Alberta court upholds decisions to suspend two former Edmonton police officers without pay
CBC
An Alberta court has upheld suspensions without pay for two former Edmonton police officers — one with an alleged pattern of workplace sexual harassment and one accused of unlawful force in an off-duty assault of an Indigenous man.
The two men, along with a third former member of the force, applied for a judicial review of their 2022 suspensions.
The requests were dismissed for Scott Carter, a detective accused of assault, and Mark Coates, a sergeant accused of harassment, according to a Jan. 3 court decision from Court of King's Bench Justice James Neilson.
Neilson allowed the application from Richard Abbott, a former Edmonton Police Service staff sergeant who was taken off duty without pay over issues in complying with COVID-19 disclosure policies and a speech he made at a 2022 Freedom Convoy protest.
All three, none of whom still work for EPS, argued that the Edmonton police commission had failed to properly assess whether EPS Chief Dale McFee had found the "exceptional circumstances" necessary to order the suspensions without pay. The police commission has to review and confirm decisions to remove officers from duty without pay within 30 days.
Neilson's decision includes rarely disclosed details from the police chief's reasons for each suspension as well as the commission's subsequent internal reviews.
The judge said the commission shouldn't have confirmed Abbott's suspension because the oversight board failed to recognize McFee's reasoning was "based on a possible misapprehension of the facts and evidence."

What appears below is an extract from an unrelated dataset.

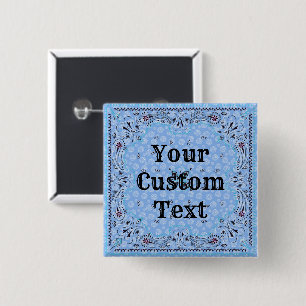 Western Paisley Blue Bandanna Print 15 Cm Square Badge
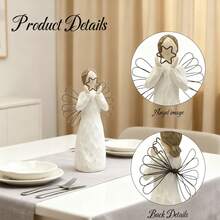 Christmas Angel Figurine With Star - Festive Home Decor, Sentimental Sculpture For Holiday Gifting And Seasonal Aesthetic,Halloween And Christmas Decorations - White - View 4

But for Carter and Coates, the judge ruled McFee's reasons for relieving them from duty without pay were "clear, intelligible and justifiable."
Scott Carter was suspended without pay on Feb. 8, 2022. He had 25 years of experience with EPS at the time.
At issue was his alleged conduct on the night of July 6, 2021, while he was off duty having dinner with his wife at a downtown restaurant.
According to McFee's notice removing Carter from duty, the officer's wife said she saw someone tampering with her car across the street.
Carter reportedly went outside and confronted two Indigenous people, a teenage girl and a 34-year-old man, "who were just walking together in the vicinity." The chief's notice says Carter tackled the man, and the girl reported that she pulled out a knife to defend him, but the man held her back while trying to distance himself from the officer.
Two on-duty EPS officers stopped and came over to help end the altercation. According to McFee's notice, when one officer tried to pull Carter away, he turned around and shoved him, then tried to continue the assault. When the other officer tried to get between him and the man, Carter allegedly grabbed and pushed him while saying, "Don't you know who I am?"
Eventually, Carter identified himself as an EPS officer and reportedly told the officers that the two people on the street had interfered with his vehicle and the girl "pulled a knife" on him. More police arrived and arrested the pair.